Hans Werner Kolben, geboren am 5. Mai 1922 in Aussig an der Elbe, stammte aus einer berühmten böhmischen Industriellenfamilie: Das Familienunternehmen – gegründet vom Erfinder und Edison-Assistenten Emil Kolben, zuletzt unter dem Namen Českomoravská Kolben Daněk (Böhmisch-mährische Kolben- Daněk -Werke) – gehörte mit seiner Produktion von Maschinen, Lokomotiven und anderem wie auch die Pilsner Škoda-Werke oder Bat´a-Schuhe aus Zlín zu den Aushängeschildern der tschechoslowakischen Industrie.
Hans Werner Kolben wuchs in unbeschwerten großbürgerlichen Verhältnissen in seiner assimilierten, protestantischen jüdischen Familie und in einem Prager deutschen kulturellen Umfeld auf. Seiner Leidenschaft für Klassische Musik und Literatur konnte er als regelmäßiger Opern- und Theaterbesucher in seiner Jugend noch ungehindert nachgehen.
Mit der Zerschlagung der Rumpf-Tschechoslowakei durch den deutschen Einmarsch am 15. März 1939 änderte sich das Leben der Familie schlagartig. In dieser Zeit stand Hans Werner Kolben den Kommunisten nahe. Während der Okkupation dichtete er Passagen der Marseillaise nach (Bürger greift zur Wehr,/Und faßt von neuem Mut, /... Es fließt Tyrannenblut!) und erfand satirische Reime auf nationalsozialistische Formeln wie »Heil Hitler« (zu: Drei Liter). In diesen Prager Jahren war Hans Werner Kolben mit dem späteren Germanisten und Autor Peter Demetz befreundet, der zu unserer Publikation Das Schwere wird verschwinden einen Beitrag über seinen Jugendfreund verfaßt hat.
Die Familie Kolben war im »Protektorat«, ungeachtet ihrer Prominenz, zunehmend Repressionen ausgesetzt. Während Hans Werner noch regulär die Schule abschließen konnte, wurde sein Bruder Heinz – als Jude – vom Gymnasium verwiesen.

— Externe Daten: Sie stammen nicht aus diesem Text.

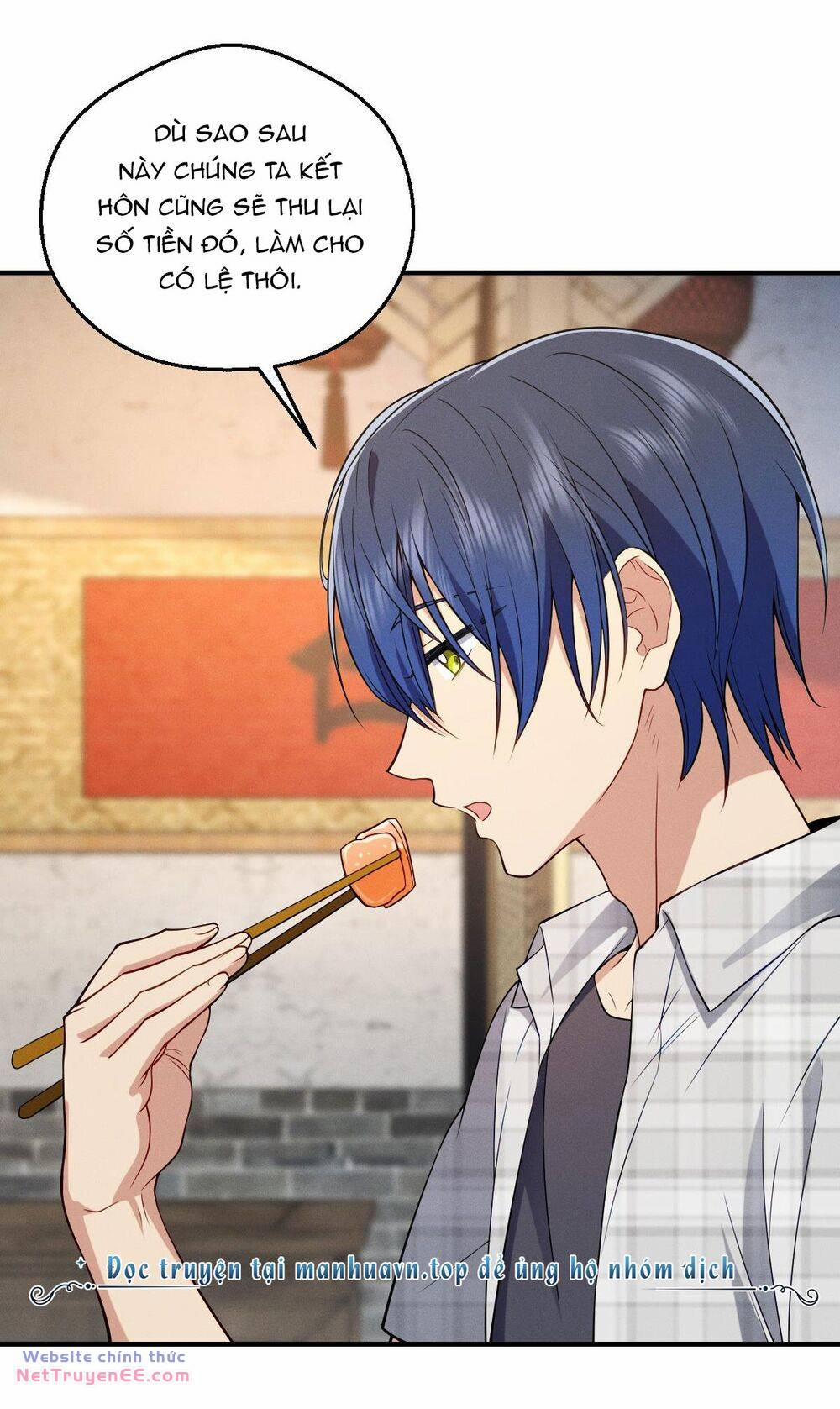 Vợ Ơi, Xin Hãy Ngoan Ngoãn Nhé 28 trang 6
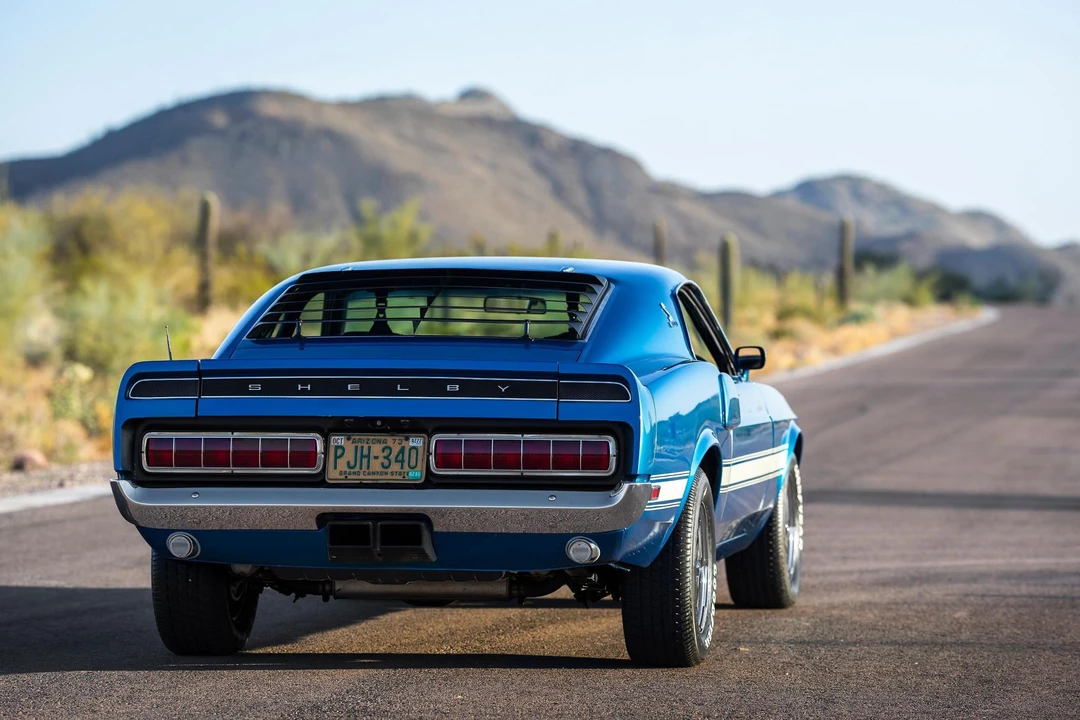 1970 Shelby GT350 - Image 15 of 31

Hans Werner Kolben wurde im Frühjahr 1942 aufgrund einer Denunziation durch einen früheren Mitschüler mit Verbindungen zur SS wegen des Nicht-Tragens des gelben »Judensterns« in der Straßenbahn verhaftet und am 10. August nach Theresienstadt deportiert. Dorthin wurden auch sein Bruder und weitere Angehörige, darunter seine Mutter, verschleppt. Sie überlebte, da sie als Bakteriologin benötigt wurde – nicht zuletzt aufgrund von Befürchtungen des Wachpersonals, sich bei den Häftlingen mit Krankheiten zu infizieren. Hans Werner Kolben, der bereits in Prag begonnen hatte, zu schreiben, setzte das in Theresienstadt fort; von seinem schmalen Werk konnte seine Mutter eine Reihe von Gedichten retten.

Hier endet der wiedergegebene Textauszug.